*RECORDED INFORMATION:*
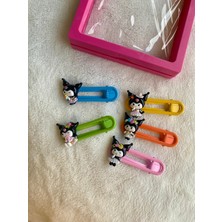 The Littles Kids Kız Çocuk Sanrio Kuromi Figürlü Kutulu Pembe Turuncu Mavi Sarı Yeşil Renkli Pensli Yan Toka Seti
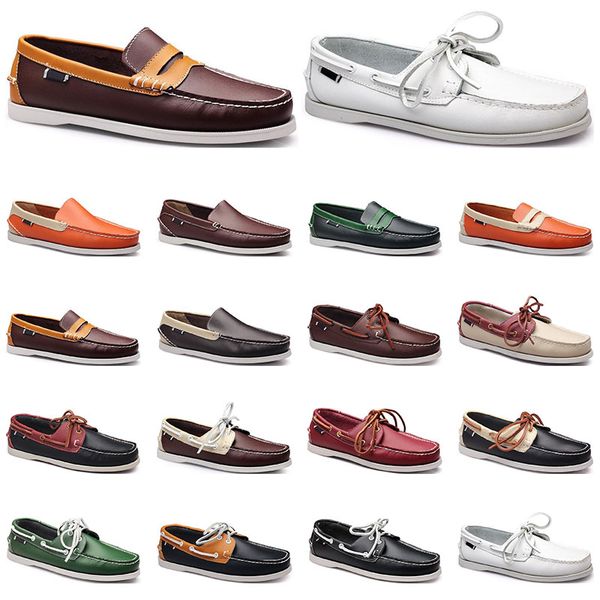 

womens sneakers sailing shoe mens casual leather shoes black white red green orange brown outdoor trainers size 38-45 eighty four
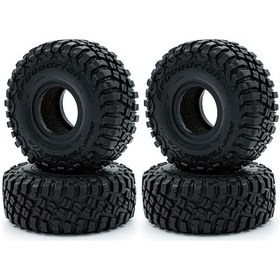 Resim Shineyee 1/10 Rc Araç Lastikleri - Trx4, Axial Scx10 Uyumlu 4 Adet Kauçuk Tekerlek 117x47mm 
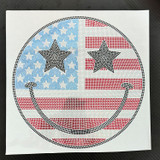 Spangled Patriotic Happy Face Transfer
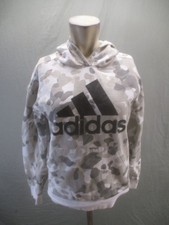 Adidas Size L Kids Multicolor Camo Cotton Blend Pocket Activewear Hoodie 240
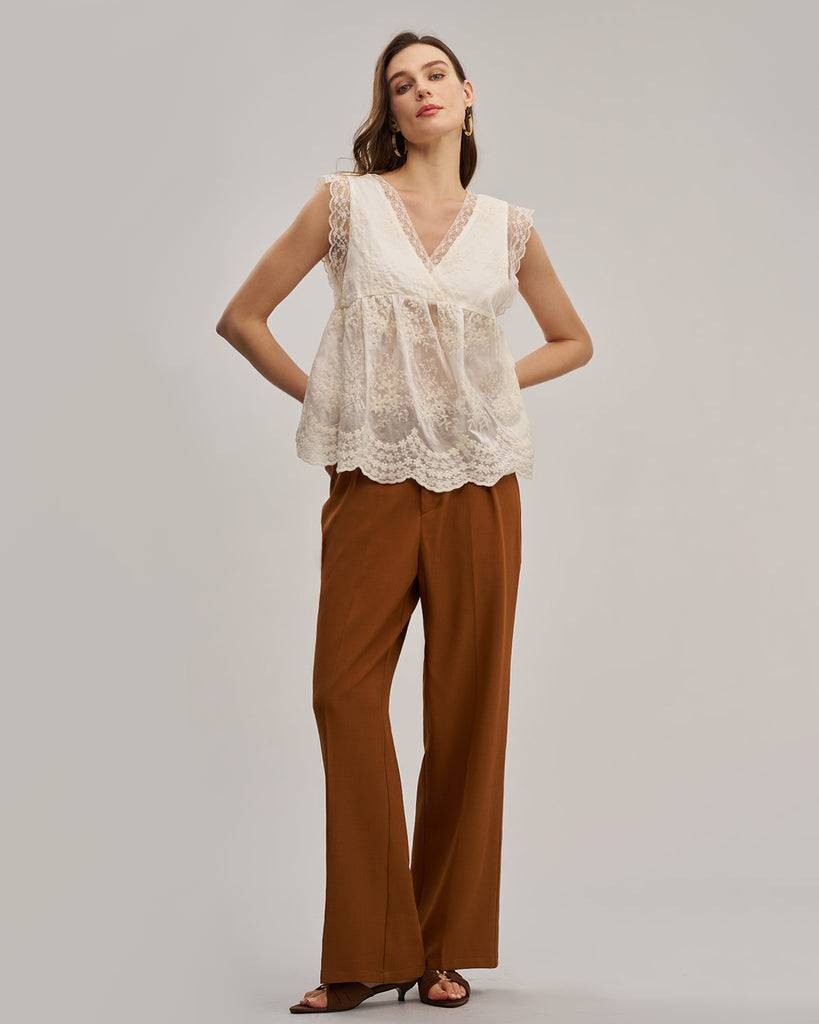 Ladies' woven polyester vest Tops - RIHOAS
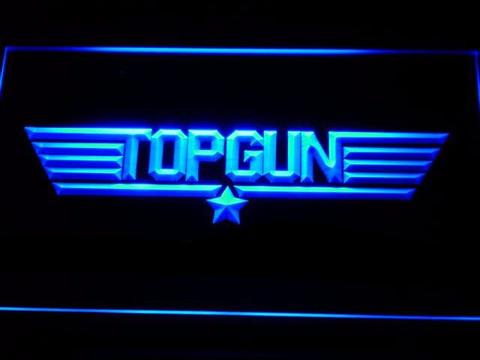 Top Gun Movie Logo Bar Decor LED Neon Sign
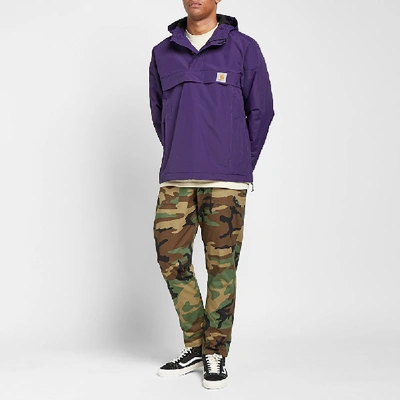 Shop Carhartt Wip Nimbus Pullover Jacket In Purple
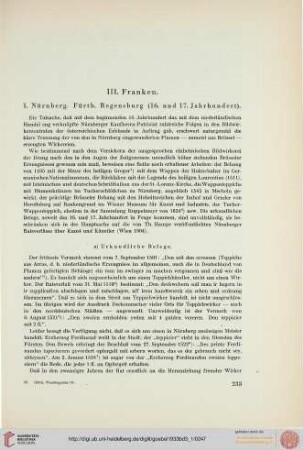 III: Franken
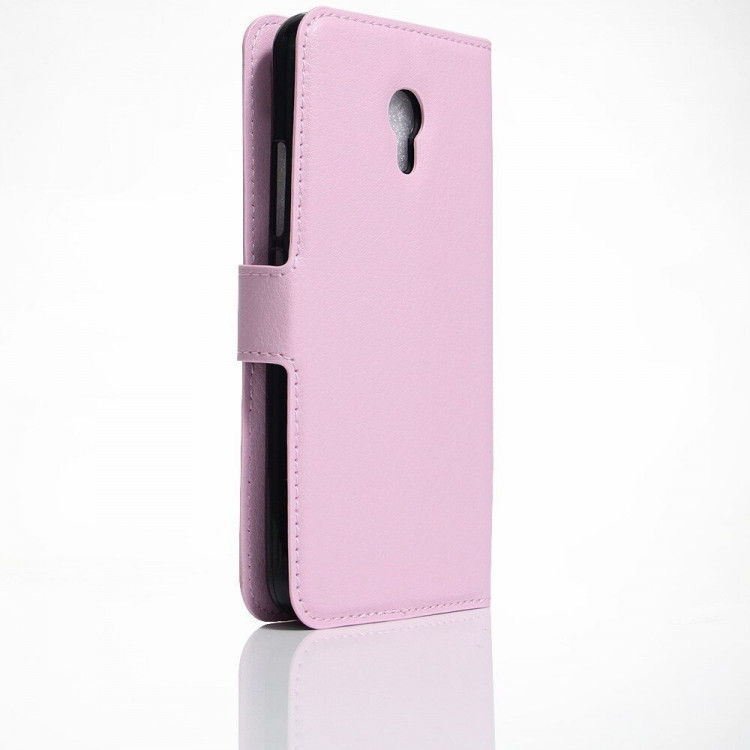 Чехол с визитницей для Meizu M5 Note (розовый)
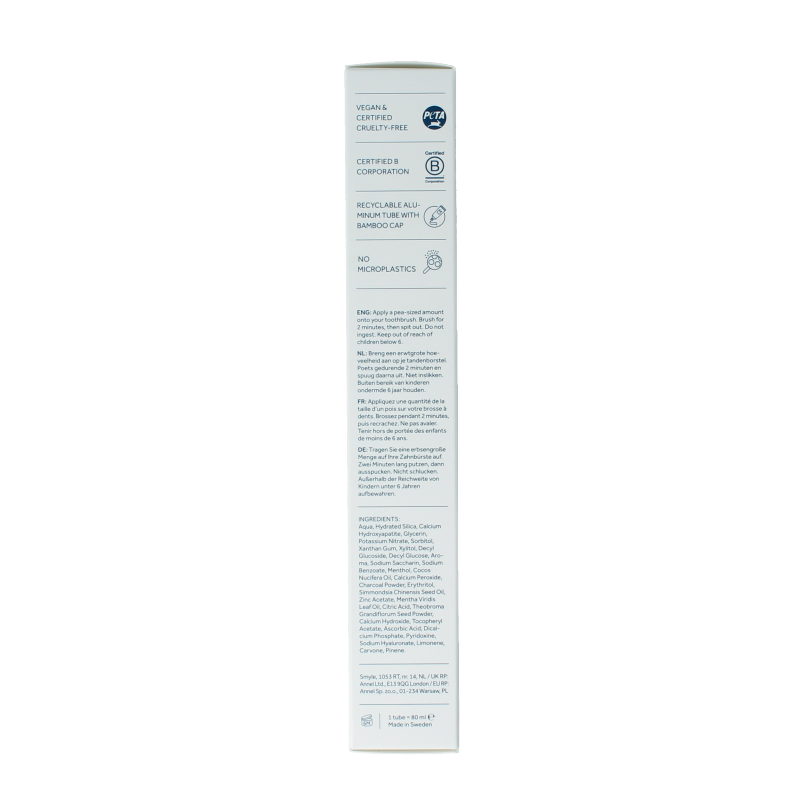 Smyle Tandpasta fresh mint zonder fluoride 80 Milliliter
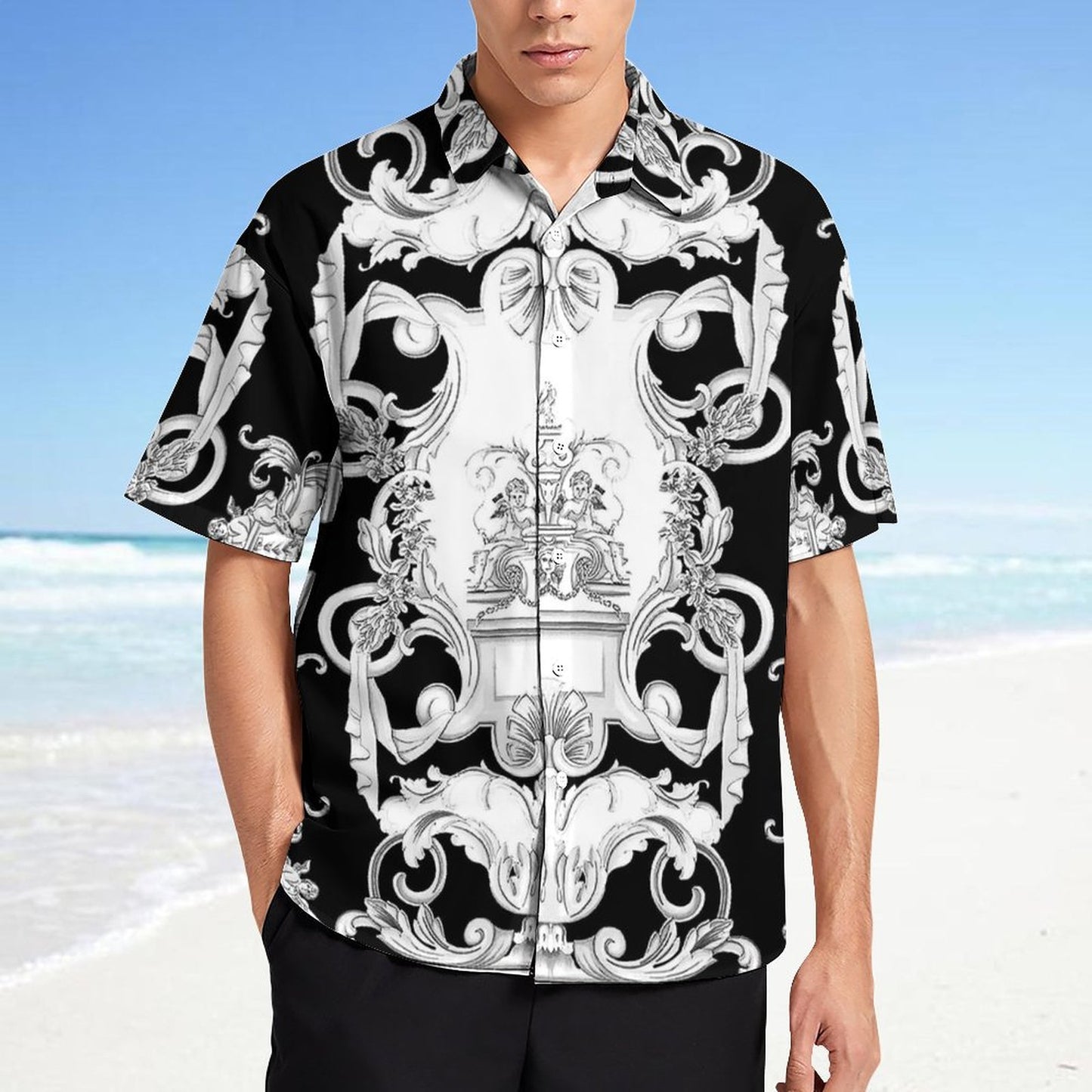 Men's Fashion Casual Printed Short Sleeve Shirts 2306100022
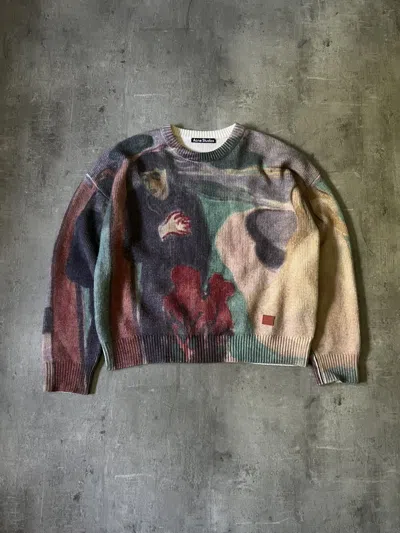 Pre-owned Acne Studios S/s 22 Separation Sweater Multicolor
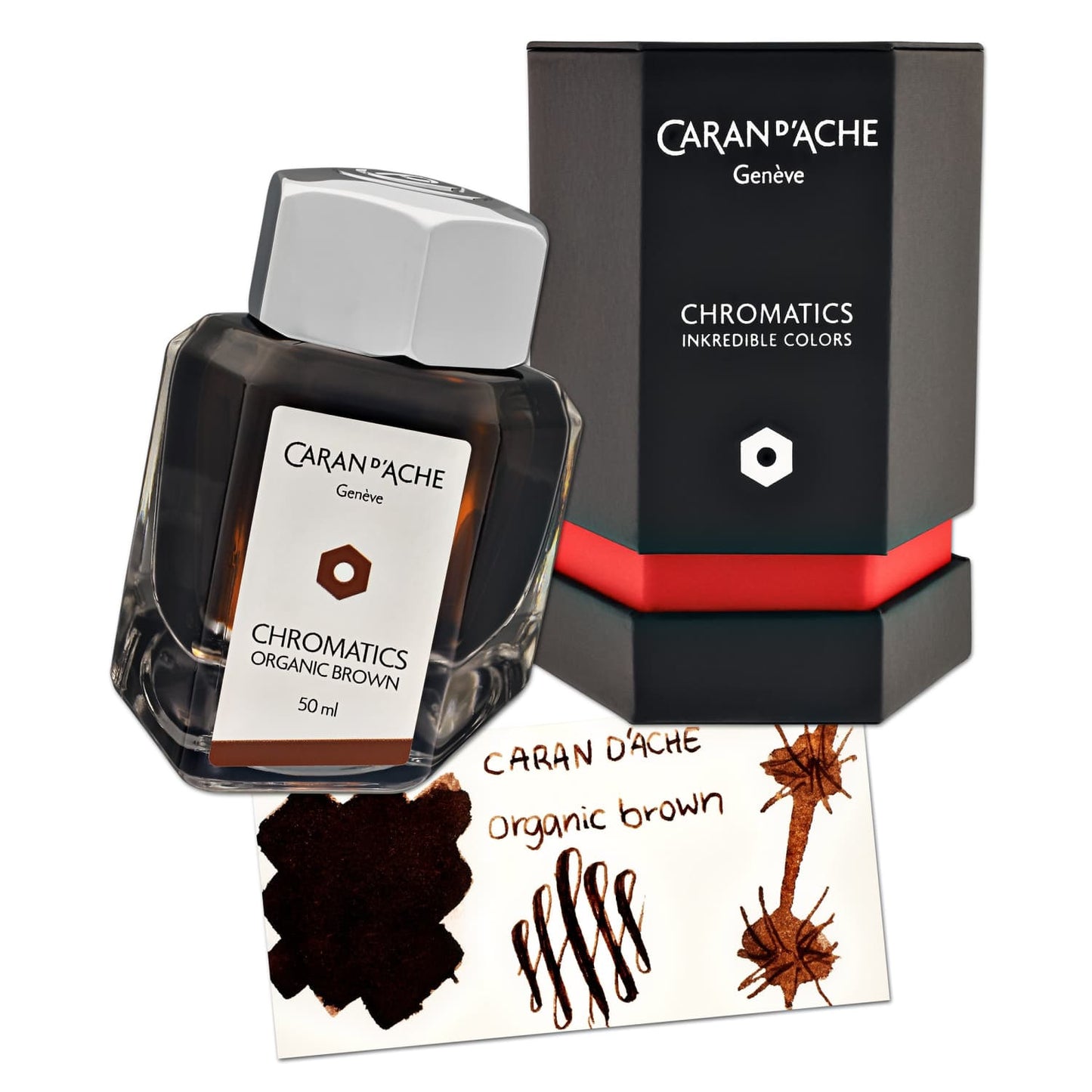 Caran d’Ache Chromatics Bottled Ink in Organic Brown - 50 mL Bottled Ink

*TASK GOAL:* In the records above, find the line containing "Shop Carhartt Wip" and the line containing "Pre-owned Acne Studios", then give both of them again word for word along with every line between. Omit any pictures.

*ANSWER TO THE EXERCISE:*
 Shop Carhartt Wip Nimbus Pullover Jacket In Purple
 III: Franken
 Чехол с визитницей для Meizu M5 Note (розовый)
 Smyle Tandpasta fresh mint zonder fluoride 80 Milliliter
 Men's Fashion Casual Printed Short Sleeve Shirts 2306100022
 Pre-owned Acne Studios S/s 22 Separation Sweater Multicolor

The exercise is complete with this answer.